Last weekend, these exciting guys were stacked in what's left of our driveway. Oh, yeah. THAT is some building material, there. Then, on Monday, the kids and I stopped by and got to witness some excitement.
It's hard to know, isn't it, if cement trucks are awesomer than backhoes?
Sometime Monday morning, they came by with a giant auger and drilled 10-foot deep holes where our new piers will be. Sadly, I missed that, and sadly, I couldn't see to the bottom of the holes to check out how they're belled at the bottom, but nonetheless, giant holes are cool. Then they put some of that fancy rebar in there and filled them up with cement.
That left us with a nice little grid of reinforced concrete piers. The next day was possibly even better--they built the frame-thingy for pouring the bulk of the slab, and now I can see the footprint of the new part of my house.
I'd have to figure out a way to get arial shots to give you the best impression, but I get to sneak in after everyone's done working and walk around imagining my new house where it's actually going to be. This was Tuesday morning, and then I caught a cold and felt dreadful for a few days. Fortunately for our house, I'm not in charge of actually accomplishing anything, and shockingly, the work continued without my constant snooping.
My six-year-old got into the act and nice pier-and-beam-ish foundation himself.

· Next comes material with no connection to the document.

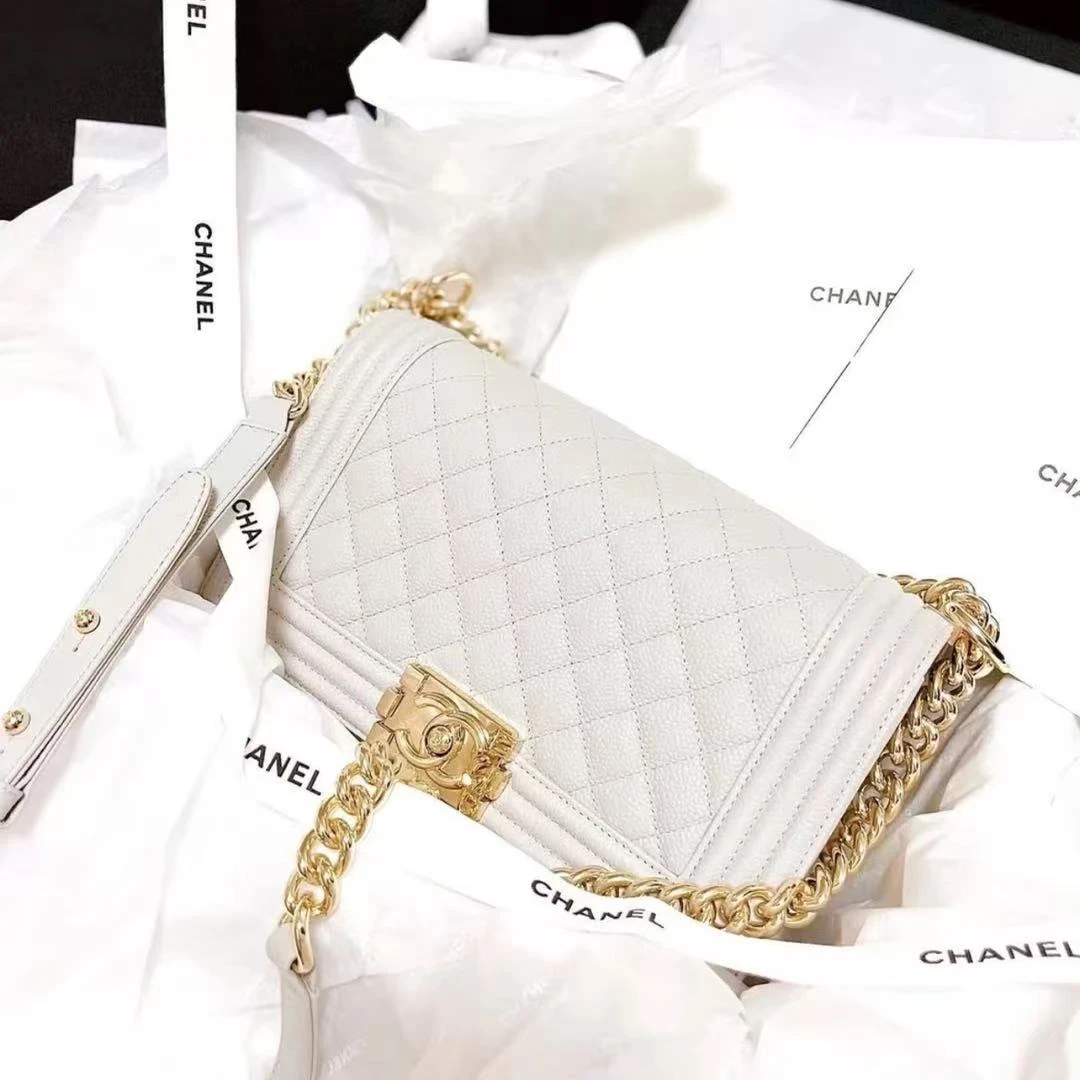 99新 Chanel/香奈儿 leboy中号奶油白金荔枝皮/优品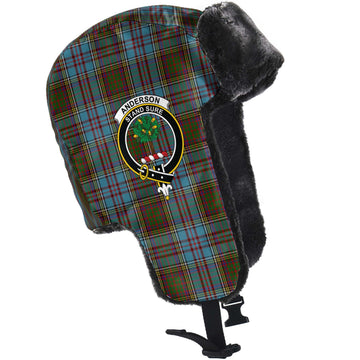 Anderson Tartan Winter Trapper Hat with Family Crest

They trucked in some more fill dirt (something that magically helps offset all the clay a little, though I don't know how) and ran the bobcat over it to pack it tight.
The plumbers came by and set up some stuff. I think those are mostly waste and vent lines, but I don't really know. One is about where the master bathroom will be, one is near the kitchen sink, and one is right there at the guest bath. Those three little pipes in the middle, though? I don't know what they're for (gas supply?), but that's where my kitchen island is going to be. That's my actual kitchen island. A real one. It exists, if only in pipe and dirt. That's even better than cement trucks.
They're going to reinforce the beams with, you guessed it, more rebar. I can't wait.
Not being a structural engineer, I only have the most basic understanding of all this stuff, and I'm grateful to our architect's neat plans and the concrete foreman's explanation to know even what's going on so far. I do know that Houston is stuffed with horror stories of houses splitting in half down the middle, I've seen egregious cracks in houses and slabs all over town, and I know that I had gotten used to not being able to actually close the bathroom door during the drought a few summers ago because the house had shifted so much (We had wall cracks, too. I'm now a master spackler.). I'm glad that folks have a way of making Houston livable and my house safe, since I've chosen to live in it forever. And if you think I can talk about foundations for a long time, just wait until we get to the hurricane clips.